(Dataset records)
[Start of Attachment]

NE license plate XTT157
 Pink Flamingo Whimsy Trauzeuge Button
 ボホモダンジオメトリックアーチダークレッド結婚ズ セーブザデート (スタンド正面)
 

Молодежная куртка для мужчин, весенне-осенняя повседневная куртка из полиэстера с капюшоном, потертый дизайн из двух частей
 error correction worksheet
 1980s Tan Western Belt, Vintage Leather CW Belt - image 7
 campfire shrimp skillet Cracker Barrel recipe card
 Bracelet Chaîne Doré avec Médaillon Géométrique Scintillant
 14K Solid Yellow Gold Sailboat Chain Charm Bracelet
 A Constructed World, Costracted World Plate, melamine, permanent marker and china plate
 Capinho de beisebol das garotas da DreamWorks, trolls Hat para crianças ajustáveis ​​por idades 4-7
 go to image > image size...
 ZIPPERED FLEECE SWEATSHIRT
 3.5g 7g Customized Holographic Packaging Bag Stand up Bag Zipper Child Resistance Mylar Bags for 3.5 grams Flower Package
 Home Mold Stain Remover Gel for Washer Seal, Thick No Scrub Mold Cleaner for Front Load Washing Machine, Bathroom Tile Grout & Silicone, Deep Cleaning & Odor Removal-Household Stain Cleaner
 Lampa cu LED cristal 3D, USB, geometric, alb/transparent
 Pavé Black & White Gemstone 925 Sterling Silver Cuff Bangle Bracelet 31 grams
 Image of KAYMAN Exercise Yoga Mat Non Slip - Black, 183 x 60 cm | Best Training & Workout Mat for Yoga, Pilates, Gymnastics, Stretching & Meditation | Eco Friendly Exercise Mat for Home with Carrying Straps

[End of Attachment]

§ **YOUR OBJECTIVE**:
Whatever appears in the data above should be set down again exactly.

§ **ANSWER BELOW**:
NE license plate XTT157
 Pink Flamingo Whimsy Trauzeuge Button
 ボホモダンジオメトリックアーチダークレッド結婚ズ セーブザデート (スタンド正面)
 

Молодежная куртка для мужчин, весенне-осенняя повседневная куртка из полиэстера с капюшоном, потертый дизайн из двух частей
 error correction worksheet
 1980s Tan Western Belt, Vintage Leather CW Belt - image 7
 campfire shrimp skillet Cracker Barrel recipe card
 Bracelet Chaîne Doré avec Médaillon Géométrique Scintillant
 14K Solid Yellow Gold Sailboat Chain Charm Bracelet
 A Constructed World, Costracted World Plate, melamine, permanent marker and china plate
 Capinho de beisebol das garotas da DreamWorks, trolls Hat para crianças ajustáveis ​​por idades 4-7
 go to image > image size...
 ZIPPERED FLEECE SWEATSHIRT
 3.5g 7g Customized Holographic Packaging Bag Stand up Bag Zipper Child Resistance Mylar Bags for 3.5 grams Flower Package
 Home Mold Stain Remover Gel for Washer Seal, Thick No Scrub Mold Cleaner for Front Load Washing Machine, Bathroom Tile Grout & Silicone, Deep Cleaning & Odor Removal-Household Stain Cleaner
 Lampa cu LED cristal 3D, USB, geometric, alb/transparent
 Pavé Black & White Gemstone 925 Sterling Silver Cuff Bangle Bracelet 31 grams
 Image of KAYMAN Exercise Yoga Mat Non Slip - Black, 183 x 60 cm | Best Training & Workout Mat for Yoga, Pilates, Gymnastics, Stretching & Meditation | Eco Friendly Exercise Mat for Home with Carrying Straps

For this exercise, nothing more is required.